Saturday. 24th June 1876

Dear Mr French,

Your kind letter 
of the 5th June has 
reached me.

You have no doubt 
already heard from 
your father that I had 
proposed to keep this 
piece in reserve, on 
the chance [of: del] that 
Miss Cavendish may 
go to the United States 
next year, and play  


"Miss Gwilt" herself. If, 
however, you receive a 
good offer from Mr Cheney 
(or, failing him, from any 
other responsible person) 
for the exclusive right 
to play the piece in 
America -- I am perfectly 
willing to sell it. The 
question of terms in 
such a case as this is 
a very difficult one to 
decide. It seems to 
me that I ought not 
to sell the entire right 
of playing the drama in 
America under $5000 
-- say one thousand pounds 
Sterling (1000). If your 
experience tells you that 
this is too high a price 
to ask in the States, then 
lower the demand to seven 
hundred and fifty (750) 
pounds Sterling. I 
leave this decision entirely 
to your discretion. In 
the meantime, it may 
be as well to settle 
matters, one way or 
the other, with Mr Cheney. 
If he makes an acceptable 
offer for the piece (on the 
terms which I have just 
mentioned) let him have 
it. If not, withdraw it 
~ from Mr Cheney's Theatre -- ~
/[del] -- either to hold it 
in reserve until next year, 
or to sell it to any other 
/respectable and/
[person: del] responsible person 
who may make a 
sufficient offer, and who 
will pay the money 
"in cash" (as we say in England).

These are the only 
instructions that I can 
now send to you. Let 
me have a line please 
to say that you have 
received my letter, and 
believe me, yours truly, 
Wilkie Collins
J.H.French Esqre.

The letter came with an envelope used for storage at French's New York office.

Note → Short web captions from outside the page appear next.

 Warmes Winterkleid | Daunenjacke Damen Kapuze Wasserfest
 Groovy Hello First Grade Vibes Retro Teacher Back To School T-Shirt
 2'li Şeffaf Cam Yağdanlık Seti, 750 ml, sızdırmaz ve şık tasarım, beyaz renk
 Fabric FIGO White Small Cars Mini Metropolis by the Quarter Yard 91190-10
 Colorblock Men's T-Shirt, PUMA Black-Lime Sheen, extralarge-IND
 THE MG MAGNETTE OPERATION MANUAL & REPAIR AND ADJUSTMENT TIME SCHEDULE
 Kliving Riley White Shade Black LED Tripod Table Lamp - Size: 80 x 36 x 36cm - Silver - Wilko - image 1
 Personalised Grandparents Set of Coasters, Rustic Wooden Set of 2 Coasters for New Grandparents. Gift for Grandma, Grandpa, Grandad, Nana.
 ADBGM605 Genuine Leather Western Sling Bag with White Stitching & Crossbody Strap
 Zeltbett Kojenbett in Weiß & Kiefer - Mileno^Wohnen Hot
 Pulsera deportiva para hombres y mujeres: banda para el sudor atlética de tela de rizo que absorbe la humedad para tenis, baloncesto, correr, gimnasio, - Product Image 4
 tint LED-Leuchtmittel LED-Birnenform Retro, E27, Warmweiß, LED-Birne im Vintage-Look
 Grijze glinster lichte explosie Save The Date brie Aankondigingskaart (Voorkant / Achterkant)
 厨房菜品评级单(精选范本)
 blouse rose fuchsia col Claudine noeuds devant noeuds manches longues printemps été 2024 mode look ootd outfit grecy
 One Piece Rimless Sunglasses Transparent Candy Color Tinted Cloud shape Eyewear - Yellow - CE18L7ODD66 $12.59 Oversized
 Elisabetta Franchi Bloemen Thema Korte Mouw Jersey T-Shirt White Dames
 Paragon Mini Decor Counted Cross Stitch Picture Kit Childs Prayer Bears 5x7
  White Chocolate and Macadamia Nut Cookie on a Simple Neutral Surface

Samuel French & Son, Dramatic Publishers. 122 Nassau Street, N.Y., and 89 Strand, London All plays 15c each.--Send for Catalogue.


Thomas Henry French was the son of the theatrical publisher Samuel French who had offices in London and new York. Wilkie referred to Thomas as 'Mr French junior, my agent in New York.' (to Augustin Daly 22 September 1877).

Miss Gwilt, the dramatised version of Armadale, was first performed at the Alexandra Theatre Liverpool on 9 December 1875 Ada Cavendish starred as Miss Gwilt and Arthur Cecil as Dr Downward. Cecil wrote to John Palgrave Simpson just after the play opened in Liverpool 

"I have scored very distinctly in "Miss Gwilt". I had a heck of very hard work and considerable anxiety but have every reason to be more than satisfied with the result upon the audience and the newspapers. Wilkie Collins expresses himself very much pleased and I think he means it." 

On 16 December Wilkie wrote "I am so busy with making arrangements for performing the dramatised "Armadale" (Miss Gwilt") all over the civilised earth. The piece was produced at Liverpool on the 9th under my direction - and proved to be really an immense success."

The play opened in London at the Globe on 15 April 1876 to popular and critical acclaim and was a great financial success. Ada Cavendish did take the play to New York in 1878/9. 


Ada Cavendish

The exchange rate of the dollar to the pound was five to one, making a dollar worth four shillings.